Get out (2017) è l’opera prima di Jordan Peele, cineasta attivo da pochi anni ma che ha già reso riconoscibile il suo stile e la sua, seppur breve, cinematografia.

Il film fu estremamente elogiato per la freschezza e la novità che portò al genere horror, mentre il suo secondo film, Us (2019), fu molto meno considerato. E fu una vera ingiustizia.

La pellicola fu un incredibile successo commerciale: un budget ridottissimo, di appena 4.5 milioni di dollari, portò ad un incasso di 255.

Di cosa parla Get out?

Chris è un giovane afroamericano fidanzato da pochi mesi con Rose. Pur in grande imbarazzo, accetta di andare a far visita la famiglia di solo bianchi della fidanzata. Questa scelta non si rivelerà la più indovinata…

Get out può fare per me?

Lakeith Stanfield e Geraldine Singer in una scena del film Get Out (2017) di Jordan Peele

Partiamo dicendo che Get out è un horror, ma non fa di fatto paura, anche perché utilizza pochissimo i tanto abusati jump scare. Più che altro è un film che crea una profonda angoscia e inquietudine. E questo grazie all’utilizzo di una recitazione ben calibrata e una scelta dei volti piuttosto azzeccata.

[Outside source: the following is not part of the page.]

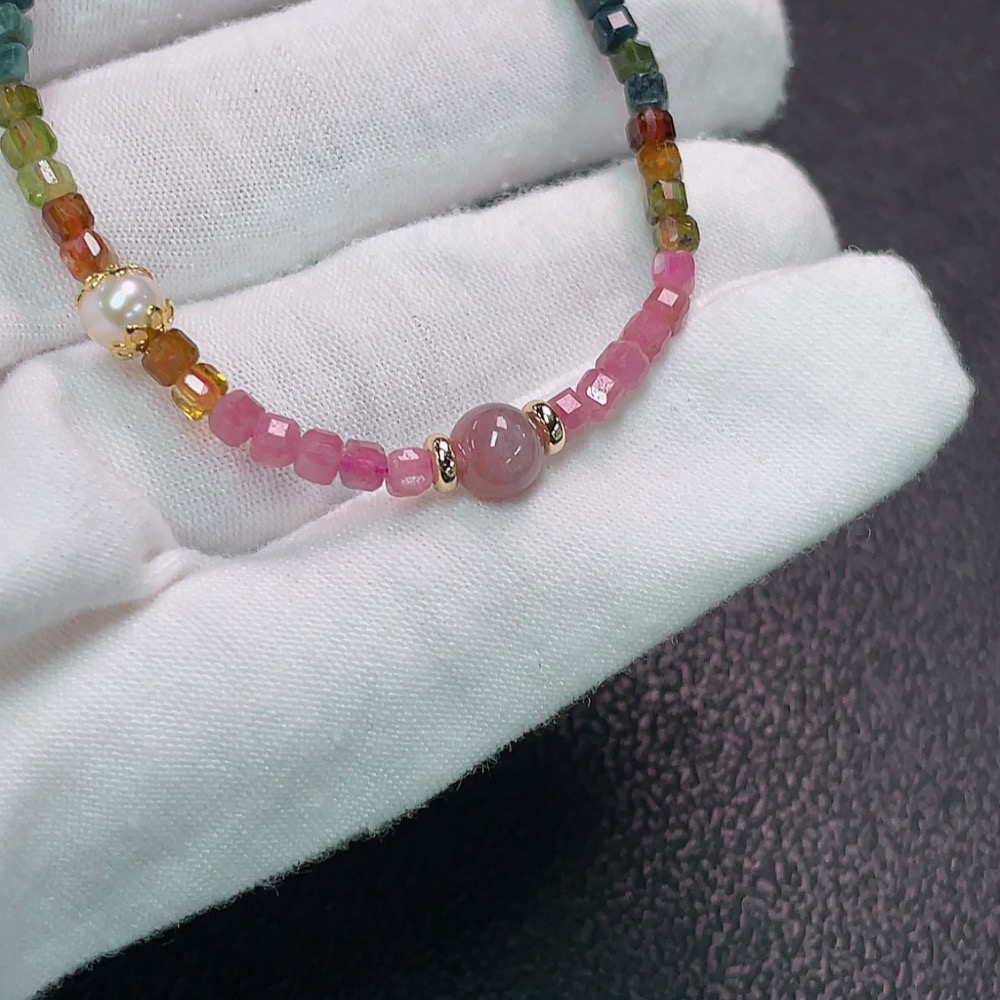 C34007194 Tourmaline Bracelet with Visible Organic Inclusions, Non-Gold, Total Weight Approx. 3.8g, Stone Size ~3.2mm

È una pellicola in generale abbastanza accessibile, che diventa ancora più interessante per un pubblico coinvolto con le tematiche che Peele porta sullo schermo. Ma, prima di tutto, è un prodotto horror autoriale che porta un’interessante novità al genere.

Feticizzazione

La feticizzazione dei corpi neri è il tema politico sotterraneo del film. Un problema sentito negli Stati Uniti e che è fondamentalmente l’altra faccia del razzismo: questa idea di idealizzazione del corpo nero, corredato da una serie di stereotipi (la grandezza dei genitali, la velocità ecc.).

Stereotipi che non sono falsi di per sé, ma che assumono un significato ben diverso se applicati sistematicamente a persone che condividono nient’altro che il colore della pelle o una discendenza comune. In questo modo infatti non vi è una glorificazione del corpo, ma una deumanizzazione dello stesso.

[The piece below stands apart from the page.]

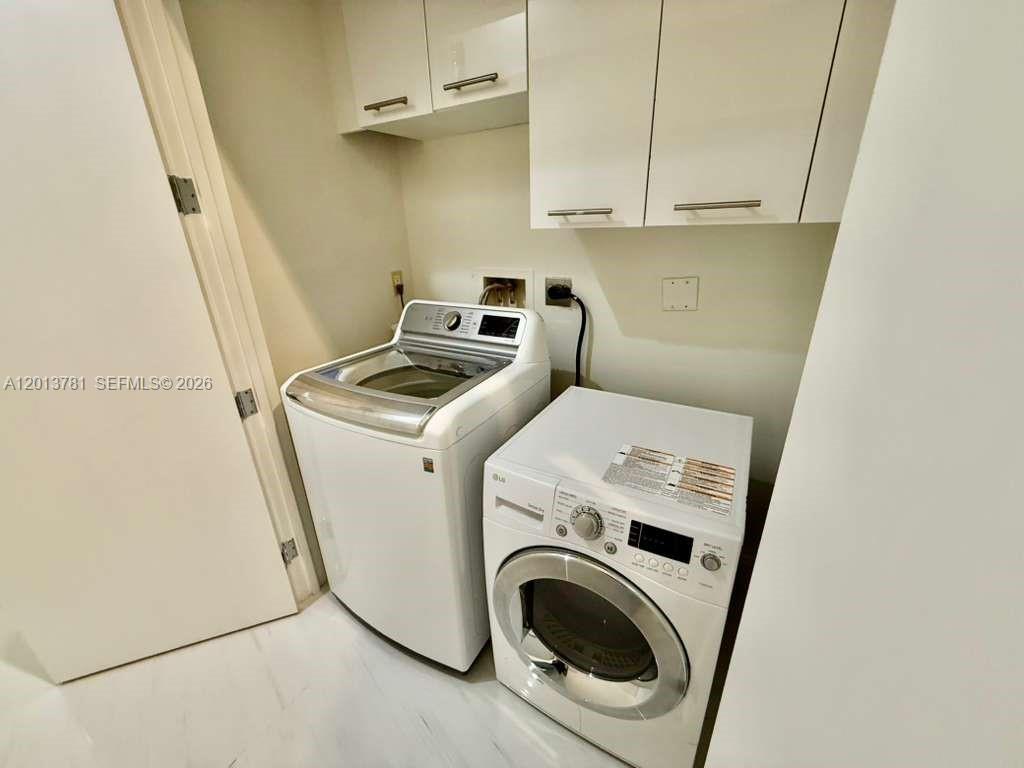 900 Brickell Key Blvd #2604, Miami FL 33131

Ed è questo quello che di fatto succede in Get Out: il corpo di Chris è messo in vendita come quello di una bestia, da un gruppo ricchi bianchi che se ne vuole impossessare per godere dei presunti benefici del corpo di un afroamericano.

Far paura senza far paura

Betty Gabriel in una scena del film Get Out (2017) di Jordan Peele

Una grande capacità di Peele, che poi sprigiona tutta la sua potenza in Us, è la capacità di far paura senza far uso di tecniche abusate. Così appunto non ci sono praticamente jump scare e tutta l’inquietudine del film si basa sull’ottima recitazione corporea e facciale dei personaggi.

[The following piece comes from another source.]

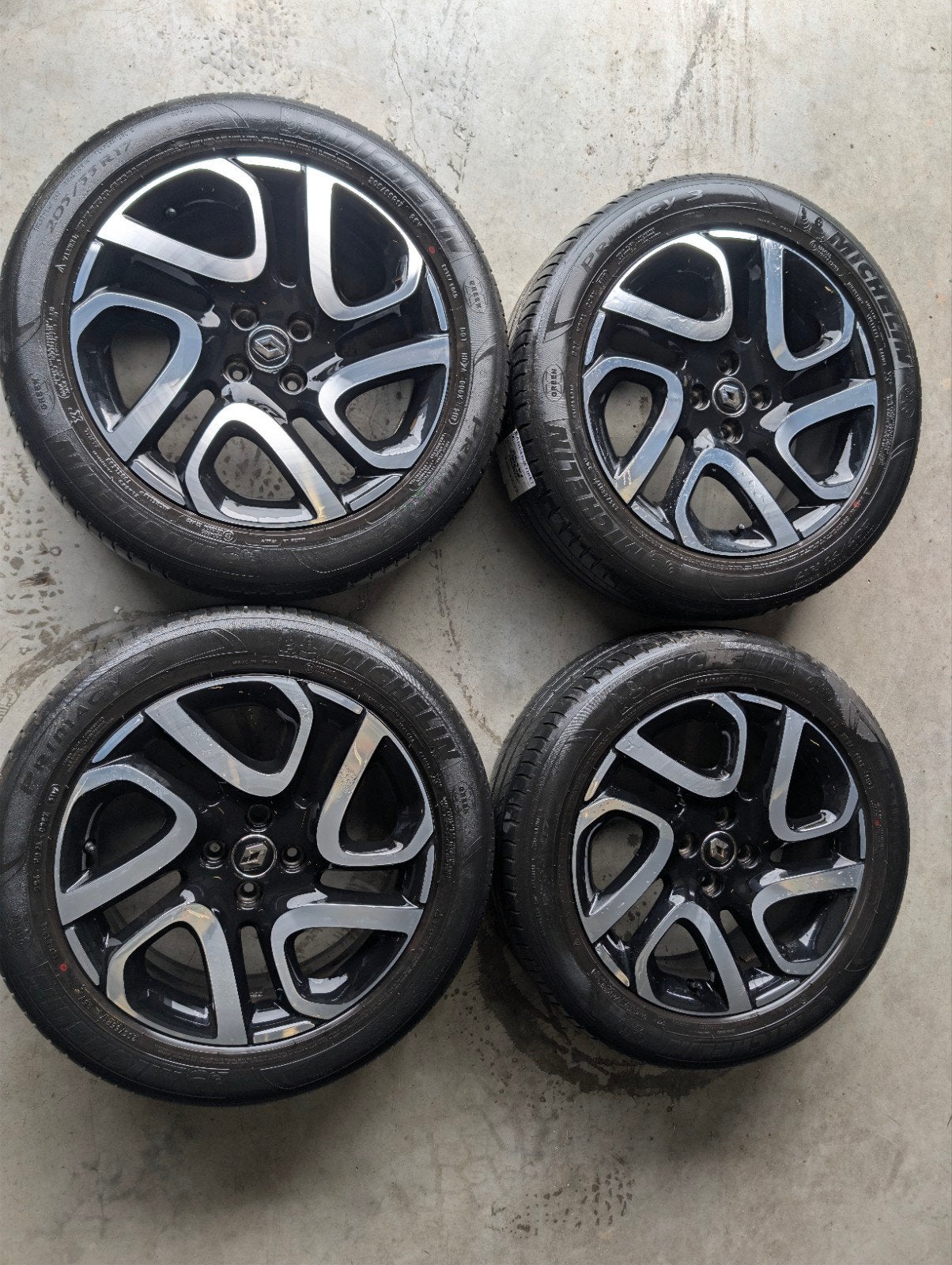 Renault Captur 4x100 velgen met Michelin 205/55R17 banden, Gebruikt, Banden en Velgen, 17 inch, Personenwagen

Particolarmente rilevanti sono Walter e Georgina, che alla fine si scopre che racchiudono le coscienze del nonno e della nonna. Ma da elogiare anche la recitazione di Allison Williams, che interpreta Rose, che è stata capace di sostenere la recitazione da brava fidanzata, per poi rivelarsi, con un solo gesto, l’invasata calcolatrice che in realtà è.

Tutto e niente

Daniel Kaluuya in una scena del film Get Out (2017) di Jordan Peele

La mia è sicuramente un’opinione impopolare, ma io considero Get out come un film per molti aspetti amatoriale, che è solo un punto di partenza per una cinematografia ben più interessante. E infatti Us mi ha stupito molto di più.

Nondimeno in questa pellicola troviamo tutti gli elementi ormai tipici di Jordan Peele: un horror che punta più sull’inquietudine che sull’orrore, un umorismo per nulla forzato, una sottotrama politica molto forte e per nulla banale.

Al tempo della visione, ebbi proprio questa idea: un buon punto di partenza, ma adesso vediamo che strada prende. E con Us sono stata ricompensata.

Insomma, per me un’ottima opera prima, ma non il capolavoro che tanti sostengono.